### [Data excerpts]
......













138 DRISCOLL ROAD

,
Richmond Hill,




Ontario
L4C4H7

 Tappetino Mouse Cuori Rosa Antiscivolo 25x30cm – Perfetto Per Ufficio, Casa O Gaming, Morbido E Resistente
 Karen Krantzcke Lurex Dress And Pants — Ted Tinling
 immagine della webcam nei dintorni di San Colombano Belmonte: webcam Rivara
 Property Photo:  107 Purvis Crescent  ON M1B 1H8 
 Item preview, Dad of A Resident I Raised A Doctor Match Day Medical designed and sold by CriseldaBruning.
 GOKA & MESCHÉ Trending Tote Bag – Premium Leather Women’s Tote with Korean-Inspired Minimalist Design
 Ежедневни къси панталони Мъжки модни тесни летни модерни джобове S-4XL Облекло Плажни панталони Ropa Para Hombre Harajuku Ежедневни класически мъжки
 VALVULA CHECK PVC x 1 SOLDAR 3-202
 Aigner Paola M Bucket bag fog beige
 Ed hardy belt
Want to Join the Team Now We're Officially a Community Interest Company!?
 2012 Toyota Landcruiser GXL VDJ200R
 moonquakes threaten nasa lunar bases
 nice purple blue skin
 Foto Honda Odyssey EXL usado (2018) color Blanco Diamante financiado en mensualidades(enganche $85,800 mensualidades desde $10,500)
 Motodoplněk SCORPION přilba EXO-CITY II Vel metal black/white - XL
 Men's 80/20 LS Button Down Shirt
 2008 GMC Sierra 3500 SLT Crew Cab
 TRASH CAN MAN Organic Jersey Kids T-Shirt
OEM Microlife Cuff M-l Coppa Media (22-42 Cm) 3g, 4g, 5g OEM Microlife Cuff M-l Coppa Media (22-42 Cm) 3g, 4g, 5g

......

### [Task description]
Please return all of the entries shown above, exactly as they stand.

### [Answer to this task]
138 DRISCOLL ROAD

,
Richmond Hill,




Ontario
L4C4H7

 Tappetino Mouse Cuori Rosa Antiscivolo 25x30cm – Perfetto Per Ufficio, Casa O Gaming, Morbido E Resistente
 Karen Krantzcke Lurex Dress And Pants — Ted Tinling
 immagine della webcam nei dintorni di San Colombano Belmonte: webcam Rivara
 Property Photo:  107 Purvis Crescent  ON M1B 1H8 
 Item preview, Dad of A Resident I Raised A Doctor Match Day Medical designed and sold by CriseldaBruning.
 GOKA & MESCHÉ Trending Tote Bag – Premium Leather Women’s Tote with Korean-Inspired Minimalist Design
 Ежедневни къси панталони Мъжки модни тесни летни модерни джобове S-4XL Облекло Плажни панталони Ropa Para Hombre Harajuku Ежедневни класически мъжки
 VALVULA CHECK PVC x 1 SOLDAR 3-202
 Aigner Paola M Bucket bag fog beige
 Ed hardy belt
Want to Join the Team Now We're Officially a Community Interest Company!?
 2012 Toyota Landcruiser GXL VDJ200R
 moonquakes threaten nasa lunar bases
 nice purple blue skin
 Foto Honda Odyssey EXL usado (2018) color Blanco Diamante financiado en mensualidades(enganche $85,800 mensualidades desde $10,500)
 Motodoplněk SCORPION přilba EXO-CITY II Vel metal black/white - XL
 Men's 80/20 LS Button Down Shirt
 2008 GMC Sierra 3500 SLT Crew Cab
 TRASH CAN MAN Organic Jersey Kids T-Shirt
OEM Microlife Cuff M-l Coppa Media (22-42 Cm) 3g, 4g, 5g OEM Microlife Cuff M-l Coppa Media (22-42 Cm) 3g, 4g, 5g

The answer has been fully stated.